Il problema di noi del NO è che troppo spesso di fronte a questi argomenti ci mettiamo in difesa e rinunciamo ad attaccare. Invece dobbiamo essere noi ad andare all’attacco, proprio perché su questo tema stiamo da sempre sul merito, anche quando attacchiamo renzi e i suoi complici. Perché il merito della riforma non è né la cancellazione del senato, né lo svilimento delle autonomie, né il combinato disposto di riforma e legge elettorale – figurarsi poi se può essere il Cnel – il merito vero di ciò di cui stiamo discutendo è quale idea di democrazia vogliamo per il futuro di questo paese. Quello che dobbiamo far capire ai cittadini – quelli che voteranno sì per opportunismo e per cieca fiducia in renzi ormai sono perduti, ma tanti ancora non hanno deciso – è proprio questo.

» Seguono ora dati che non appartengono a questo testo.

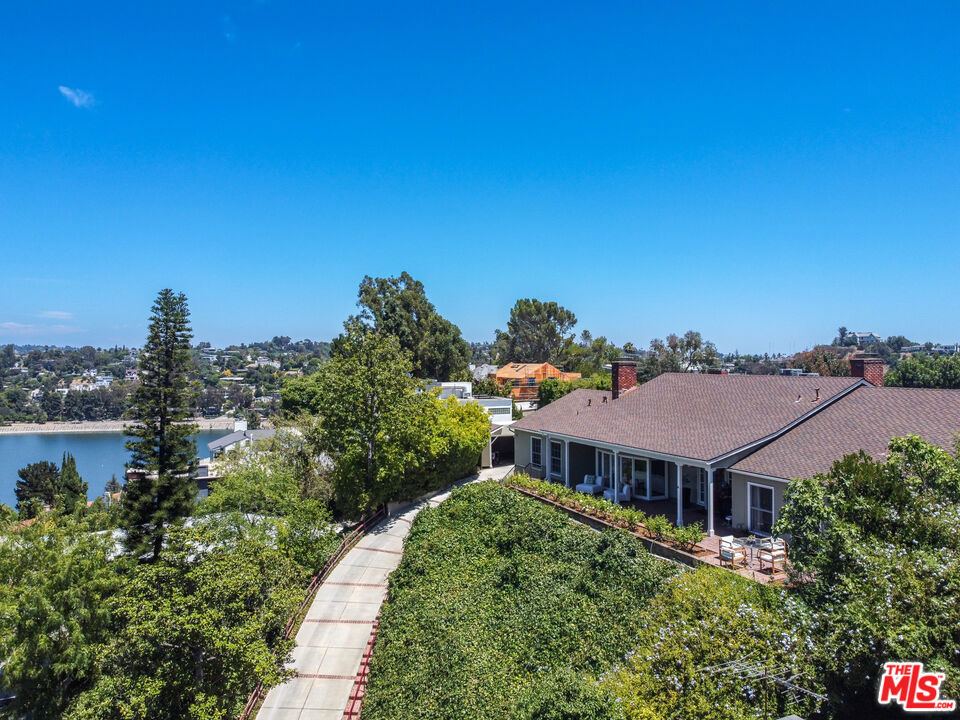 2059 Kenilworth Avenue Property Photo 3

Questa non è una riforma che riguarda alcuni articoli, non è l’adeguamento di alcuni punti a nuove esigenze, non è un’operazione di semplice, per quanto necessario, maquillage, questa è proprio una “nuova” costituzione, che risponde a principi diversi rispetto a quelli su cui è fondata la Costituzione del ’48. So bene che renzi e i renzioti dicono che i principi della prima parte non vengono modificati – ed effettivamente non vengono modificati – ma quando, come in questo caso, le norme della seconda parte vengono totalmente riscritte tenendo conto di altri principi, allora anche la prima parte viene tradita. Per questo lo “spacchettamento” finisce per essere soltanto un esercizio accademico: c’è un’idea complessiva nella proposta del governo ed è un’idea che confligge totalmente con la Costituzione vigente. Questo è il merito, su questo siamo chiamati a un solo sì o a un solo NO. E per questo non votiamo sul senato o sul meccanismo di formazione delle leggi o sul Cnel, ma votiamo proprio sulla Costituzione, su tutta la Costituzione, principi compresi. Stiamo nel merito; dobbiamo spiegare ai nostri concittadini che il vero quesito, al di là di quello che sarà o non sarà scritto sulla scheda, è: “Volete una nuova Costituzione al posto di quella entrata in vigore nel 1948?”. NO.
E non vogliamo che una nuova costituzione venga scritta da renzi e da Verdini. In questo certamente il referendum è anche una consultazione sul governo, indipendentemente da ogni altra considerazione in merito ai provvedimenti presi da questo esecutivo. Umanamente disprezzo renzi, ma non è questo il punto, non mi fido di lui e non mi fido di quelli da cui lui prende ordini. Stiamo dunque ancora nel merito, spiegando che il quesito della scheda potrebbe essere efficacemente “tradotto” in questo modo: “Volete che renzi scriva la nuova Costituzione?”. NO.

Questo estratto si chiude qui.